VwGH vom 23.11.2016, Ro 2014/17/0020

Betreff

Der Verwaltungsgerichtshof hat durch den Vorsitzenden Senatspräsident Dr. Holeschofsky sowie den Hofrat Dr. Mairinger, die Hofrätinnen Mag. Dr. Zehetner, Dr. Leonhartsberger und Hofrat Mag. Brandl als Richterinnen bzw Richter, unter Mitwirkung der Schriftführerin Mag.a Kratschmayr, über die Revision 1. des DI J K und 2. der K K, beide in K, beide vertreten durch Dr. Johann Kuzmich, Rechtsanwalt in 7304 Nebersdorf, Lange Gasse 14, gegen den Bescheid der Bezirkshauptmannschaft Oberpullendorf vom , OP-02- 04-174-2, betreffend Ergänzungsbeitrag zum Kanalanschlussbeitrag (mitbeteiligte Partei: Gemeinde N in N), zu Recht erkannt:

Spruch

Der angefochtene Bescheid wird wegen Rechtswidrigkeit seines Inhalts aufgehoben.

Das Land Burgenland hat den revisionswerbenden Parteien Aufwendungen in der Höhe von EUR 1.346,40 binnen zwei Wochen bei sonstiger Exekution zu ersetzen.

Begründung

1 Mit Bescheid vom schrieb der Bürgermeister der mitbeteiligten Gemeinde den revisionswerbenden Parteien einen Ergänzungsbeitrag zum Kanal-Anschlussbeitrag für den "Zubau" im "Haus 1 (Ober- u. Dachgeschoß)" auf einem näher genannten Grundstück in der mitbeteiligten Gemeinde in der Höhe von EUR 1.464,76 vor. Der Abgabenbemessung wurde eine "Berechnungsfläche Zubau" im Erd-, Ober- und Dachgeschoß von insgesamt 352,2750 m2 zu Grunde gelegt.

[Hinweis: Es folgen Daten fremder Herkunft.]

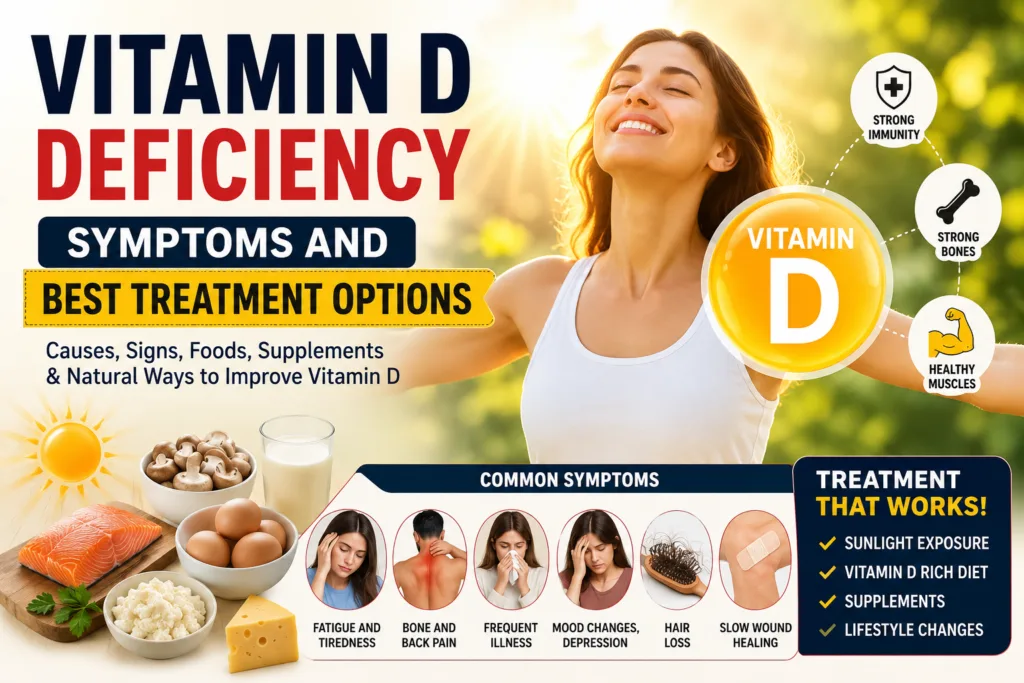 Vitamin D Deficiency Symptoms and Best Treatment Options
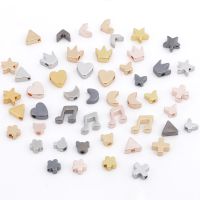 10Pcs/lot Stainless steel Star Crown Love Heart Gold Silver Color Loose Spacer Beads DIY Jewelry Making Findings Charms Bracelet
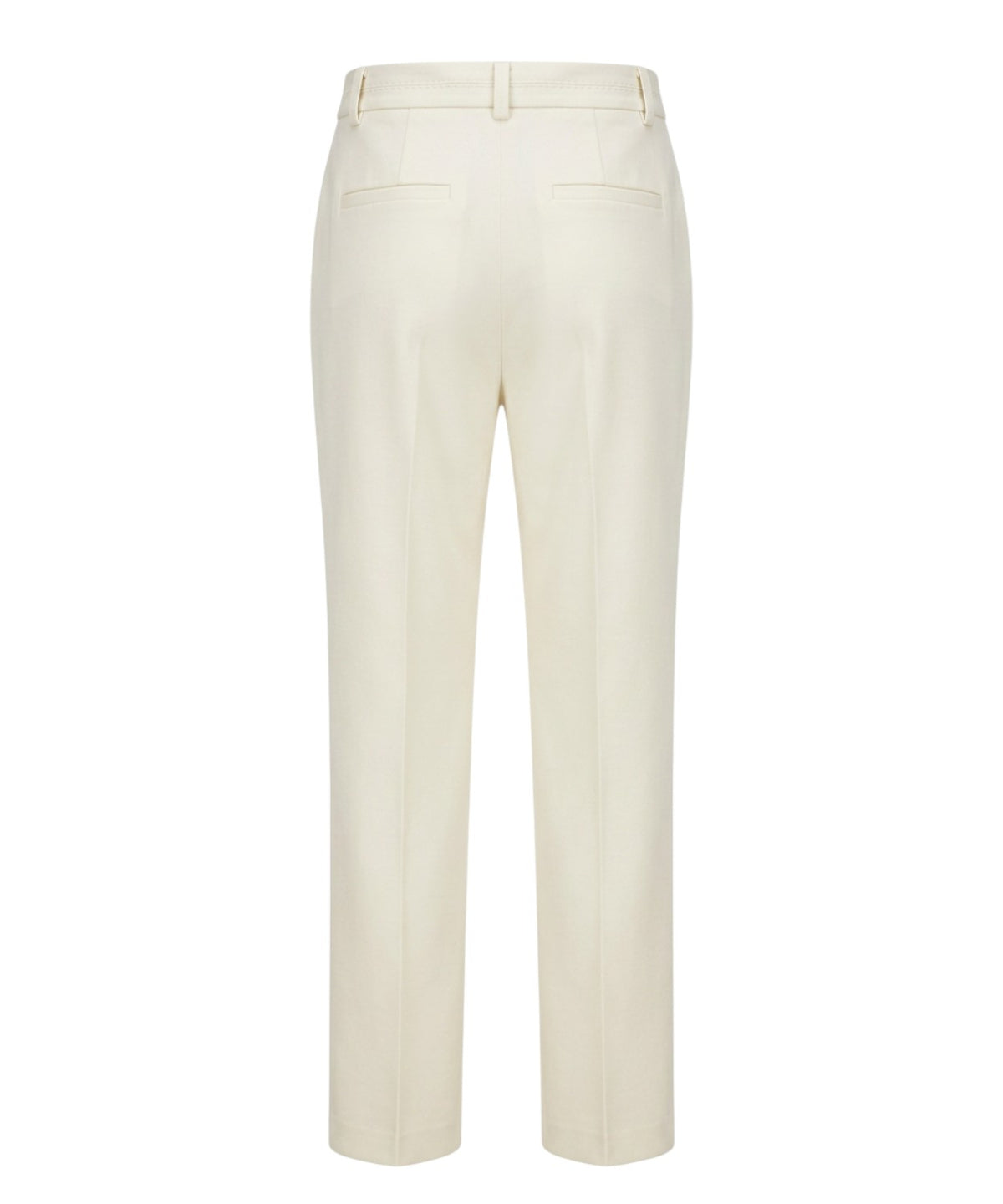Pantaloni Marella in Cotone Stretch con Piega Centrale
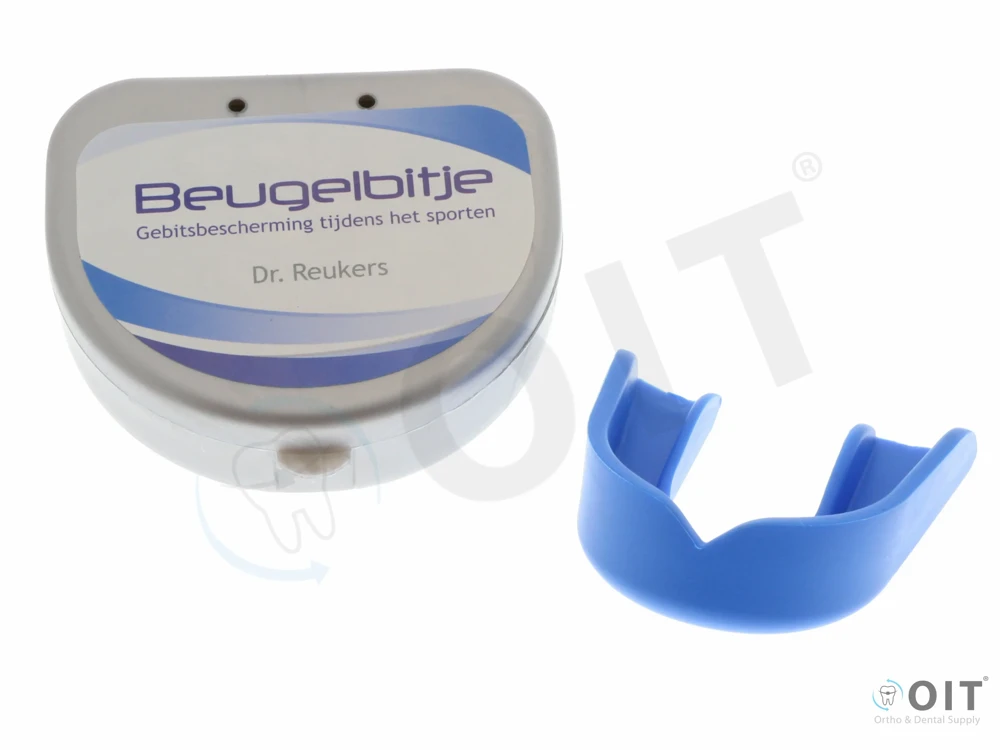 Gebitsbeschermer 1 beugelbitje blauw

2 Mit Bescheid vom gab der Gemeinderat der mitbeteiligten Gemeinde der dagegen erhobenen Berufung teilweise Folge und setzte den Ergänzungsbeitrag unter Zugrundelegung einer Berechnungsfläche von 270,9950 m2 (Ober- und Dachgeschoß) mit EUR 1.126,80 neu fest.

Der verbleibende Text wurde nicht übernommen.